Malvi tersenyum setelah dirinya menceritakan bagaimana kesalnya akan pertemuan OSIS beberapa waktu lalu. Ia menghembuskan napas berat ketika handphonenya tiba-tiba berbunyi dari tas hitam rajut yang berada di sampingnya.

"Sebentar ya, gue mau angkat telepon." Tanpa menoleh ke arah Ian. Malvi segera mengangkat telepon dengan masih membaringkan tubuh.

"Hallo? Siapa?" tanyanya setelah ia menarik tombol hijau.

Gadis itu mengerutkan kening ketika yang menelpon dirinya adalah Kian yang bertanya apakah ia bersama Ian, "iya.

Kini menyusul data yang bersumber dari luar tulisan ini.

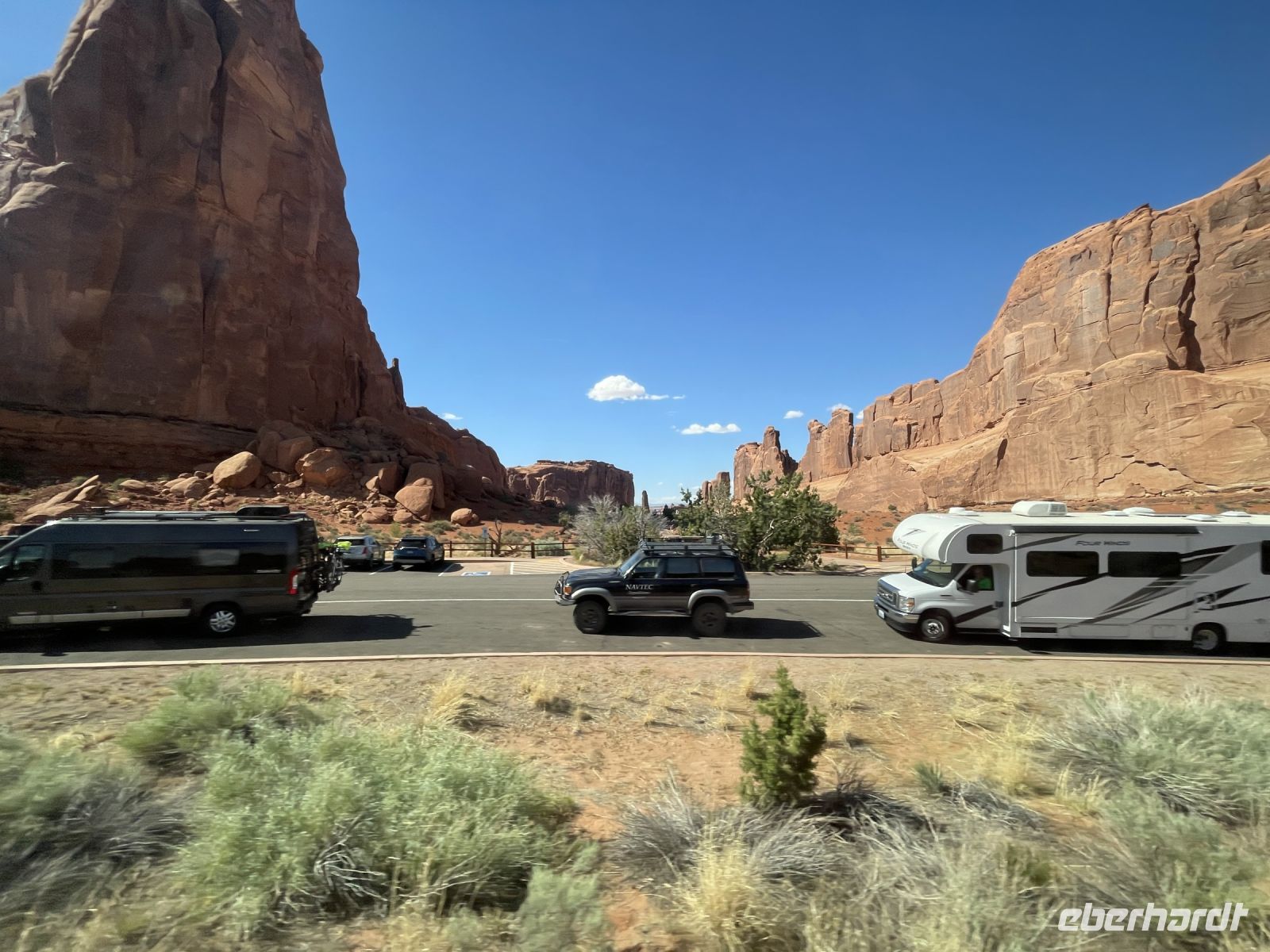 nun verlassen wir wieder den Arches Nationalpark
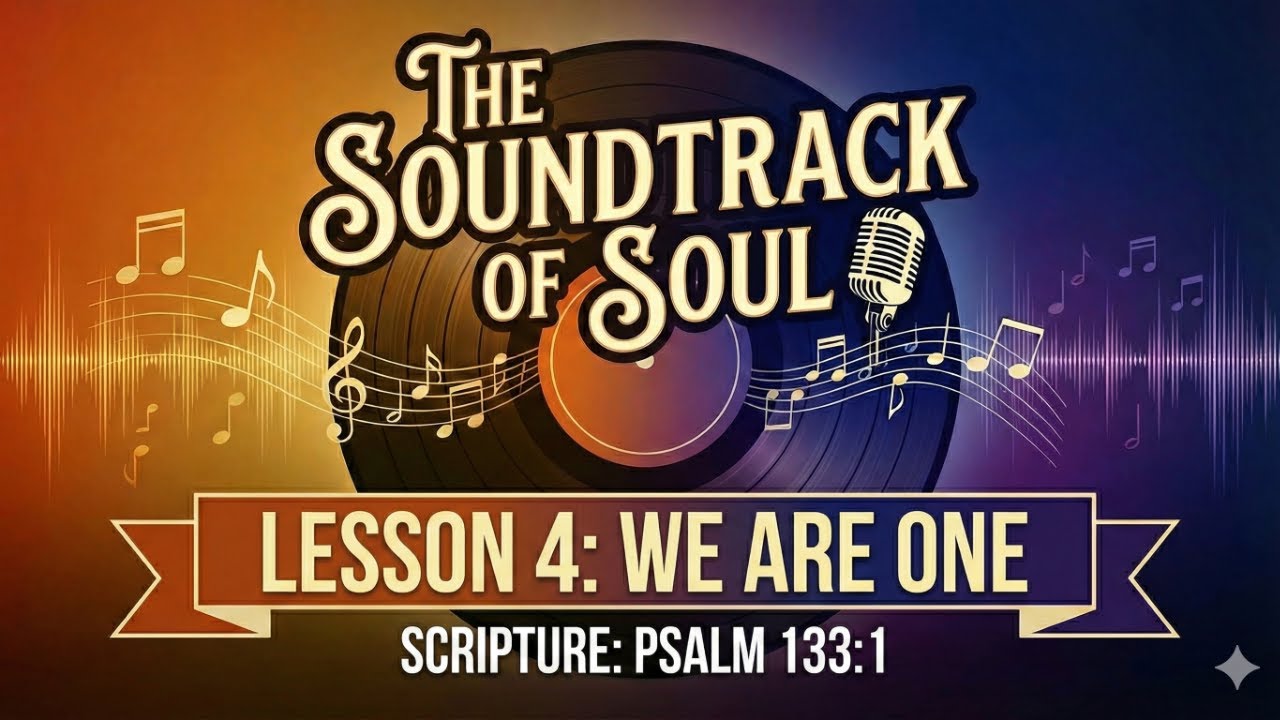 "We Are One" Text: Psalm 133:1-3  Dr. Dion Murphy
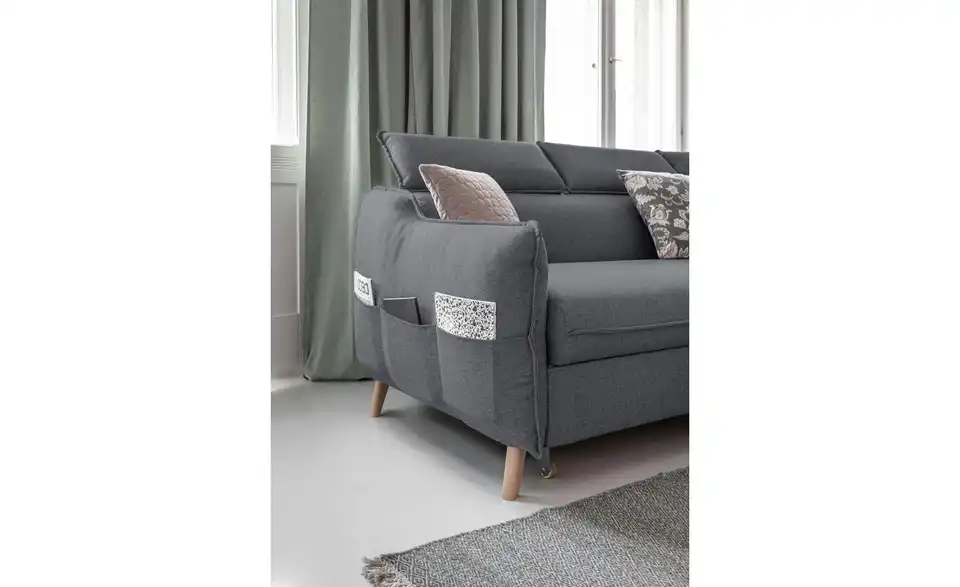 Miuform Ecksofa Sweet Harmony mit Schlaffunktion, Detailansicht
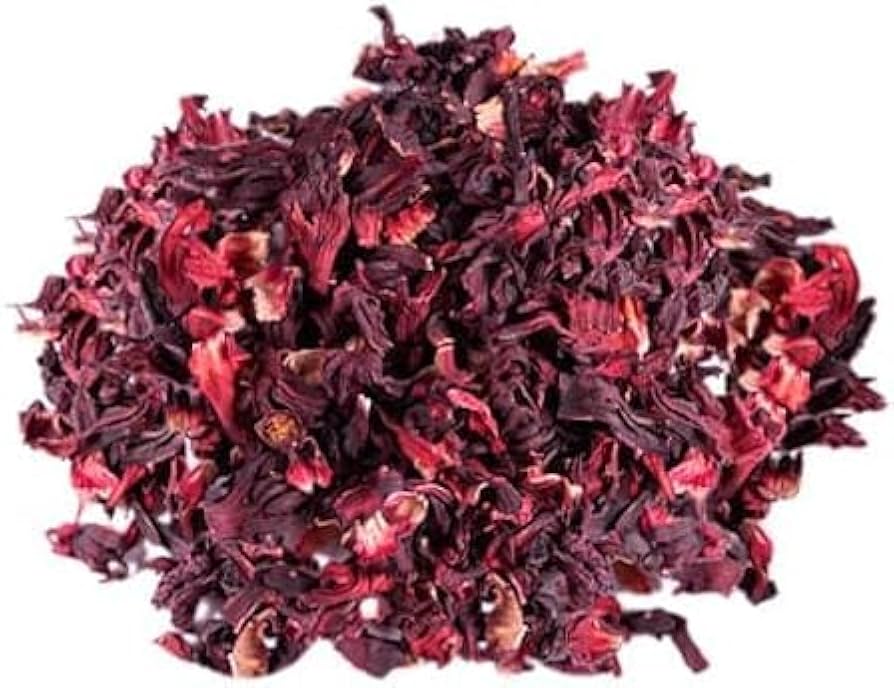 fleurs de karkadé hibiscus entières 1kg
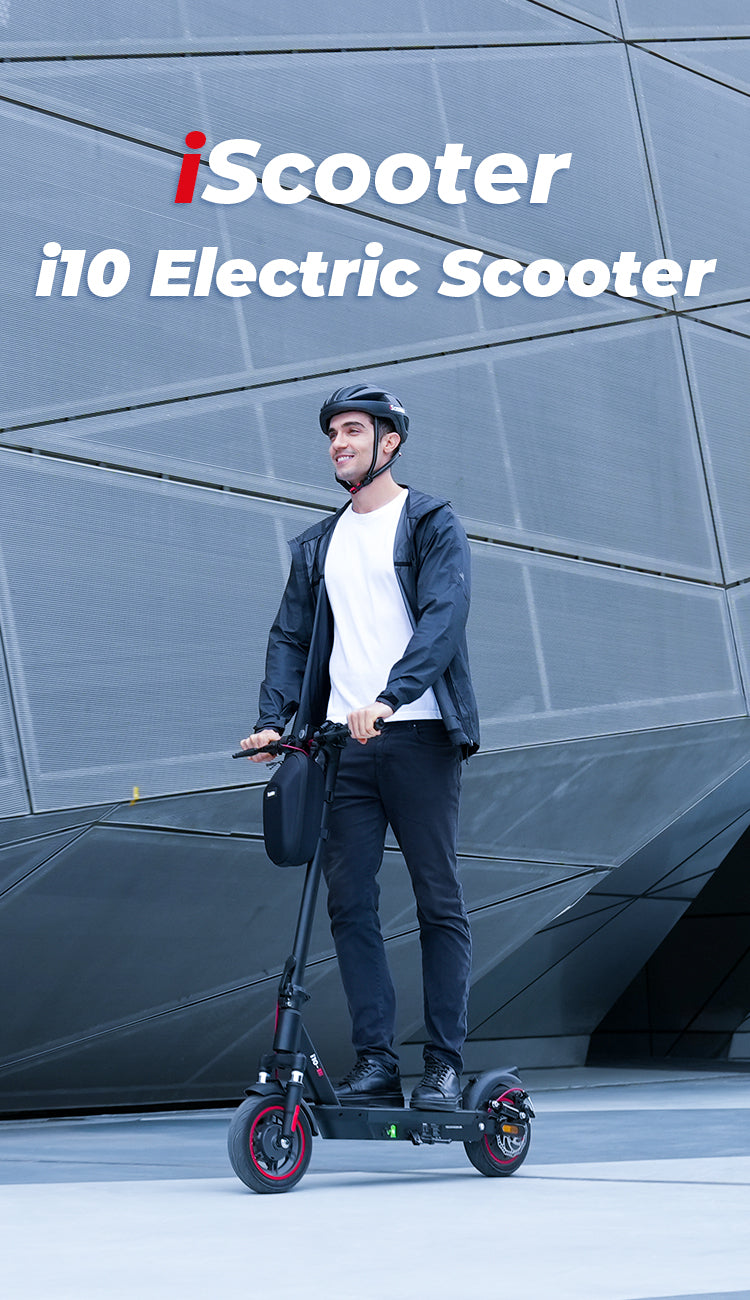 iScooter i10 Foldable E-Scooter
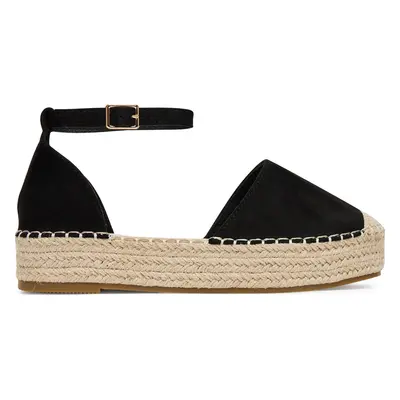 Espadrilky DeeZee WSS990-215 Černá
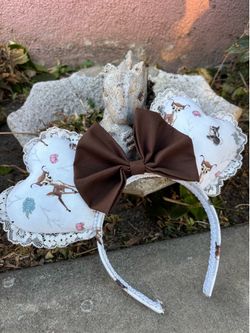 Bambi Heart shaped Disney Ears ✨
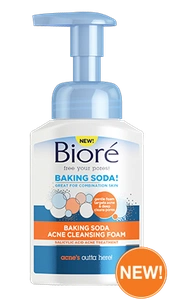 Biore Baking Soda Acne Cleansing Foam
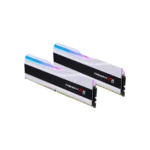 G.Skill Trident Z5 RGB 32GB (2x16GB) DDR5 6000MHz CL32 Desktop RAM – White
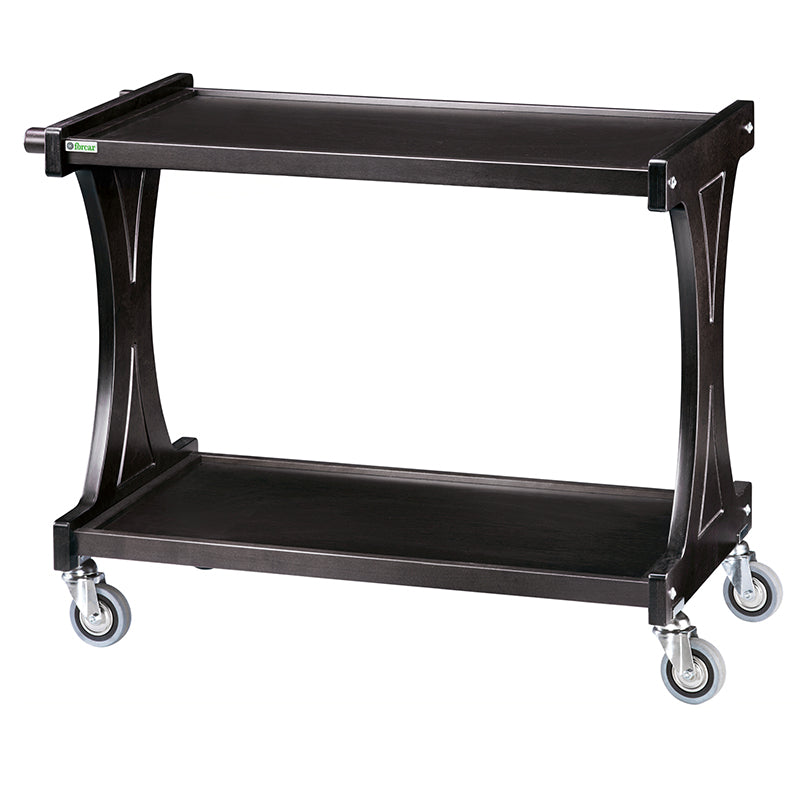 CARRELLO LEGNO 2 PIANI - CARBON CL2001CARC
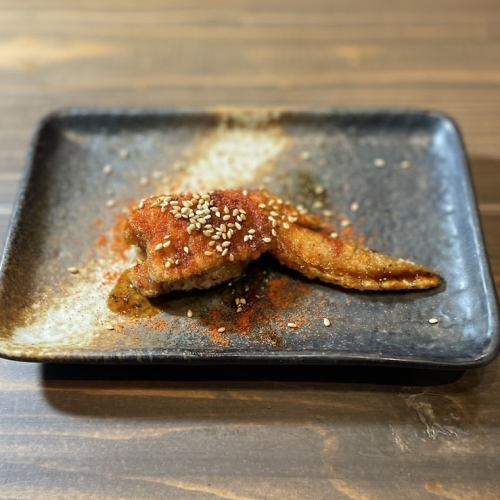【上癮！ ！辣味市集/一道菜】辣雞翅（黑椒或紅椒）
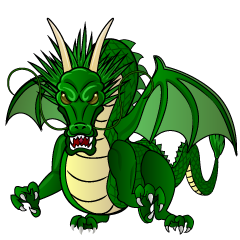 Cool Dragon Looking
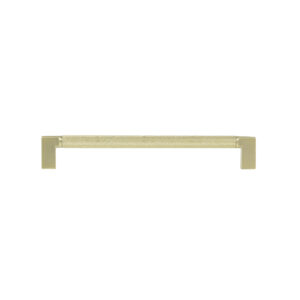 Furniture handle bracket met. MUSE 192 brushed gold, AKS - Image 3
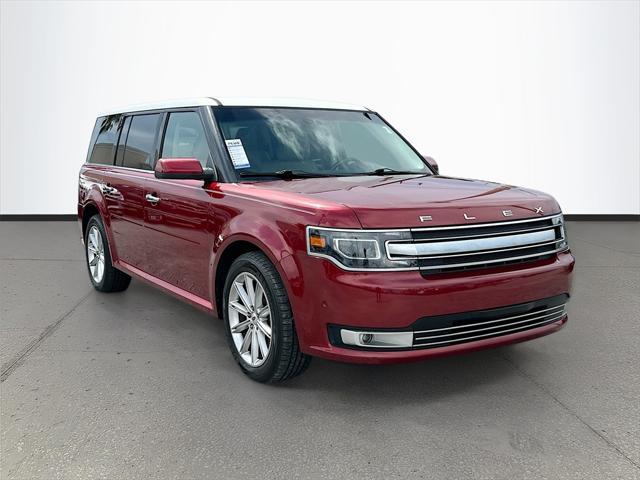 Photo of 2019 Ruby Red Metallic Ford Flex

Gue sama dia." Malvi menoleh ke samping. Betapa terkejutnya ia ketika lelaki di sampingnya tertidur lelap.

"Ian tidur di samping gue." Malvi terkekeh ketika di sebrang sana Kian terlihat salah paham, "kita di bukit." Penjelasan gadis itu sedikit membuat Kian tidak salah paham.

"Iya. Gue bakalan nyuruh dia pulang. Tenang aja." Malvi menjawab dengan seperti biasa. Dan Kian yang berada di sebrang sana sangat mempercayai Malvi. Meskipun mereka tidak terlalu dekat.

***

Sudah beberapa hari setelah skors berakhir dan ia masuk sekolah seperti biasa. Kelakuannya tidak berubah meskipun Aryan sudah beberapa kali mengancam. Kepribadiannya hanya Ian yang dapat kendalikan. Dan Aryan sangat tidak berhak mengatur kehidupannya yang sudah lama rusak karena pria tua bangka itu.

Asap mengepul dari rokok yang Ian pegang. Matanya menatap kosong bangku-bangku terbengkalai di antara gudang yang terlihat kumuh. Penuh sampah berserakan dan beberapa kaca mengitari kakinya. Terasa menyedihkan seperti dirinya yang sudah entah berapa lama menikmati kesendirian dengan rokok yang tinggal beberapa inci.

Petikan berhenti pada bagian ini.